By Alex Haley

But all the children – even those as small as Kunta– would quickly scramble to sit still and quiet when the telling of a story was promised by one of the old grandmother. Though unable yet to understand many of the words, Kunta would watch with wide eyes as the old women acted out their stories with such gestures and noises that they really seemed to be happening.

As little as he was, Kunta was already familiar with some of the stories that his own Grandma Yaisa had told to him alone when he had been visiting in her hut. But along with his first-kafo playmates, he felt that the best story-teller of all was the beloved, mysterious and peculiar old Nyo Boto. Bald-headed, deeply wrinkled, as black as the bottom of a cooking pot, with her long lemongrass-root chewstick sticking out like an insect’s feeler between the few teeth she had left–which were deep orange from the countless kola nuts she had gnawed on–old Nyo Boto would settle herself with much grunting on her low stool. Though she acted gruff, the children knew that she loved them as if they were her own, which she claimed they all were.

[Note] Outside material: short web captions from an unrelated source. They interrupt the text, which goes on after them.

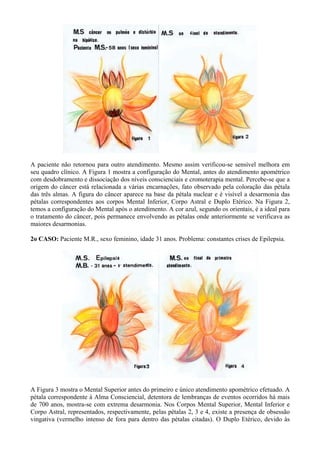 A paciente não retornou para outro atendimento. Mesmo assim verificou-se sensível melhora em
seu quadro clínico. A Figura 1 mostra a configuração do Mental, antes do atendimento apométrico
com desdobramento e dissociação dos níveis conscienciais e cromoterapia mental. Percebe-se que a
origem do câncer está relacionada a várias encarnações, fato observado pela coloração das pétala
das três almas. A figura do câncer aparece na base da pétala nuclear e é visível a desarmonia das
pétalas correspondentes aos corpos Mental Inferior, Corpo Astral e Duplo Etérico. Na Figura 2,
temos a configuração do Mental após o atendimento. A cor azul, segundo os orientais, é a ideal para
o tratamento do câncer, pois permanece envolvendo as pétalas onde anteriormente se verificava as
maiores desarmonias.
2o CASO: Paciente M.R., sexo feminino, idade 31 anos. Problema: constantes crises de Epilepsia.
A Figura 3 mostra o Mental Superior antes do primeiro e único atendimento apométrico efetuado. A
pétala correspondente à Alma Consciencial, detentora de lembranças de eventos ocorridos há mais
de 700 anos, mostra-se com extrema desarmonia. Nos Corpos Mental Superior, Mental Inferior e
Corpo Astral, representados, respectivamente, pelas pétalas 2, 3 e 4, existe a presença de obsessão
vingativa (vermelho intenso de fora para dentro das pétalas citadas). O Duplo Etérico, devido às
 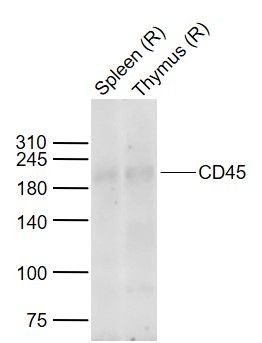 白细胞共同抗原抗体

Surrounded by them, she would growl, “Let me tell a story…”

“Please!” the children would chorus, wriggling in anticipation.

And she would begin in the way that all Mandinka story-tellers began: “At this certain time, in this certain village, lived this certain person.” It was a small boy, she said, of about their rains, who walked to the riverbank one day and found a crocodile trapped in a net.

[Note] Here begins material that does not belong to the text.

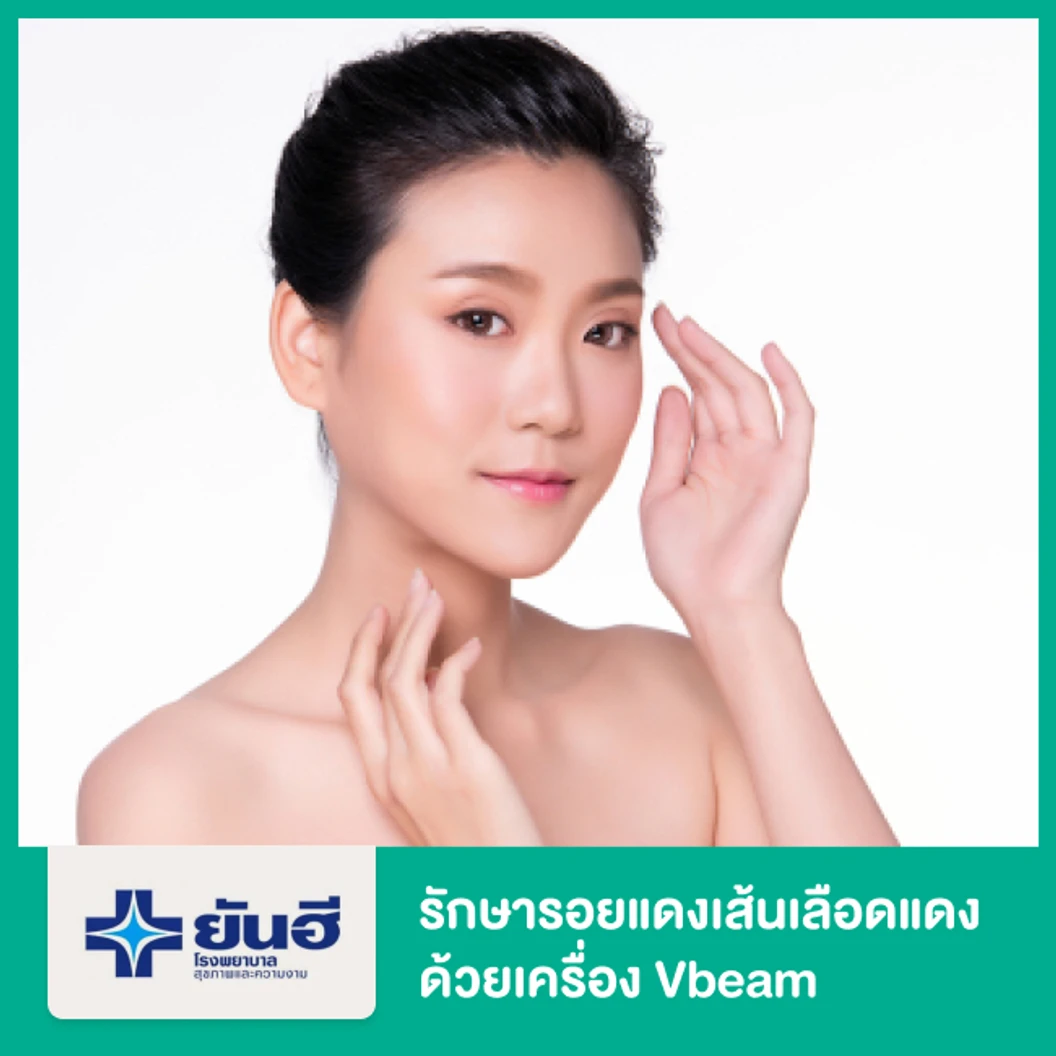 รักษารอยแดงเส้นเลือดแดง ด้วยเครื่อง Vbeam ที่ โรงพยาบาลยันฮี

“Help me!” the crocodile cried out.

“You’ll kill me!” cried the boy.

“No! Come nearer!” said the crocodile.

So the boy went up to the crocodile–and instantly was seized by the teeth in that long mouth.

“Is this how you repay my goodness–with badness?” cried the boy.

“Of course,” said the crocodile out of the corner of his mouth. “That is the way of the world.”

The boy refused to believe that, so the crocodile agreed not to swallow him without getting an opinion from the first three witnesses to pass by. First was an old donkey.

When the boy asked his opinion, the donkey said, “Now that I’m old and can no longer work, my master has driven me out for the leopards to get me!”

“See?” said the crocodile. Next to pass by was an old horse, who had the same opinion.

“See?” said the crocodile. Then along came a plump rabbit who said, “Well, I can’t give a good opinion without seeing this matter as it happened from the beginning.”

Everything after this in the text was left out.